For a taste of Mumbai's early history and an opportunity to view the city's skyline from the water (not to mention escape from the tumult of the streets), grab a ferry and head out to Elephanta Island, declared a UNESCO World Heritage Site in 1987. The hour-long trip also provides a good introduction to Hinduism; the guides on board describe the religious significance of what you're about to see, though the origins of the Shiva temple caves -- thought to date from the revivalist Hindu movement between A.D. 450 and 750 -- remain obscure.
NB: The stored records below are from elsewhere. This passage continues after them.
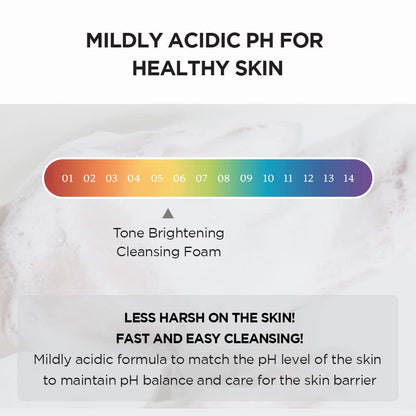 SKIN1004 Glowing Cleansing Gel Foam, 125ml, Makeup Remover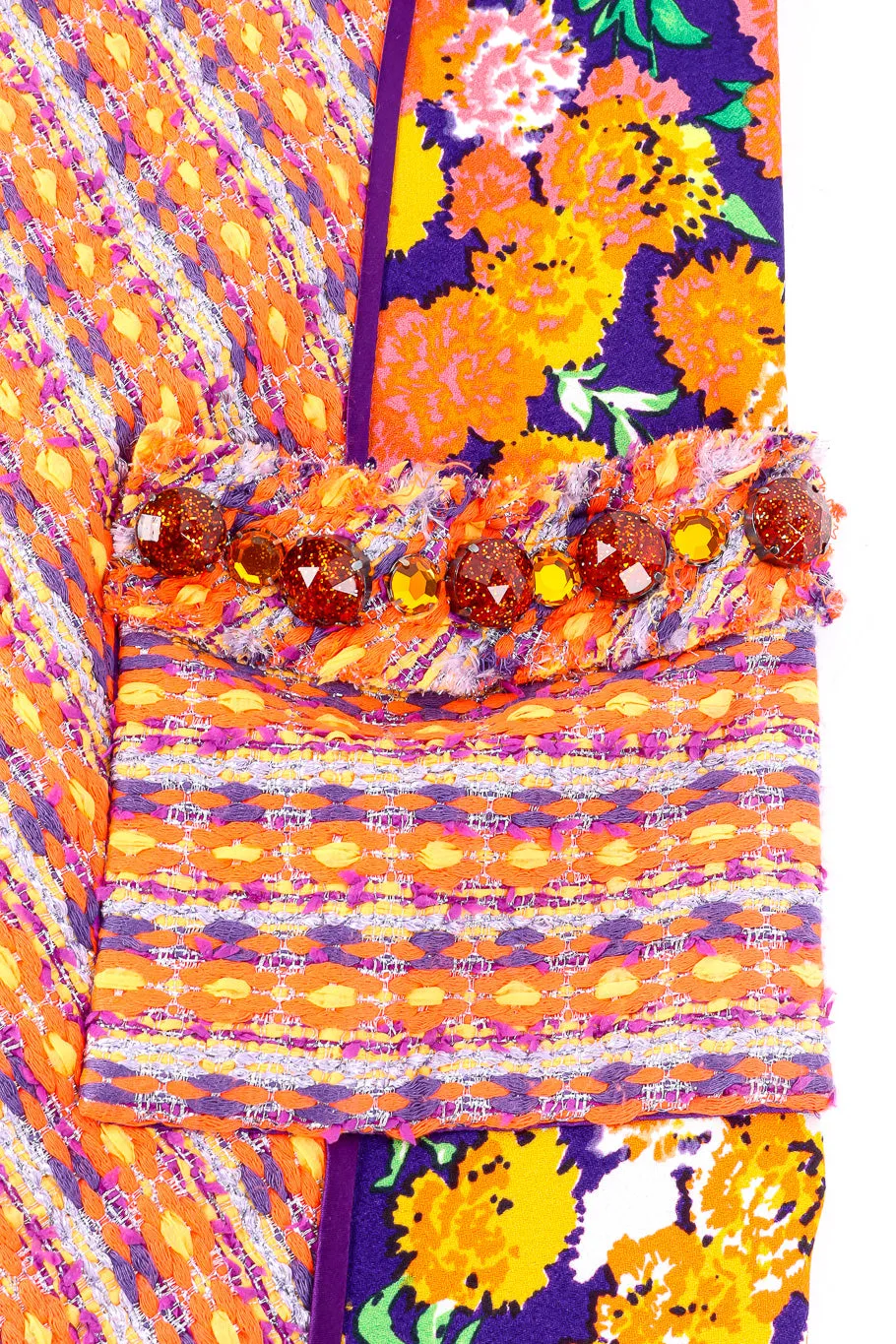 Floral Lamé Knit Sequin Dress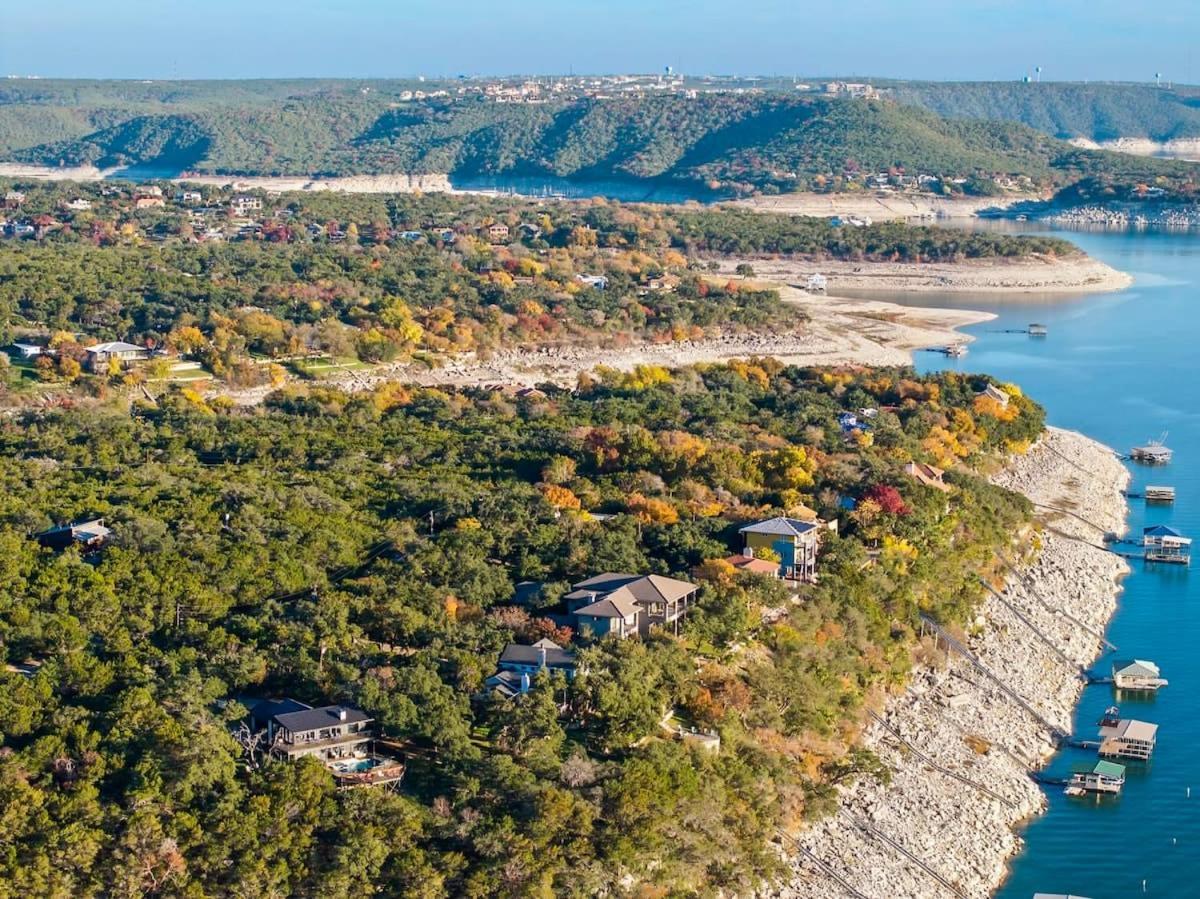 Вилла Atlantis On Lake Travis Pool Hot Tub Dock Leander Экстерьер фото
Entry is via the main northern entrance to a massive hall supported by large pillars, where the enormous Trimurti statue is housed. At 6 1/3m (21 ft.), the remarkable sculpture depicts Shiva in his three-headed aspect: as Creator (Vamadeva, facing right), Protector (Maheshmurti, the crowned face at the center), and Destroyer (Bhairadeva, facing left, with serpents for hair). Left of the Trimurti is Shiva as both male and female: Ardhanarishvara, an aspect suggesting the unity of all opposites. Other sculptures refer to specific actions of the god and events in Hindu mythology, but many were damaged or destroyed by the Portuguese, who apparently used the Hindu gods for target practice. It's practical to bring along a local guide (free) even though they rarely speak very good English. Watch listings for music and dance performances. Tip: Plan your trip so that you can witness sunset over the Mumbai skyline on your return journey, then pop into the Taj Mahal Hotel for a postculture cocktail. Note that music and dance festival performances are held here every year in February.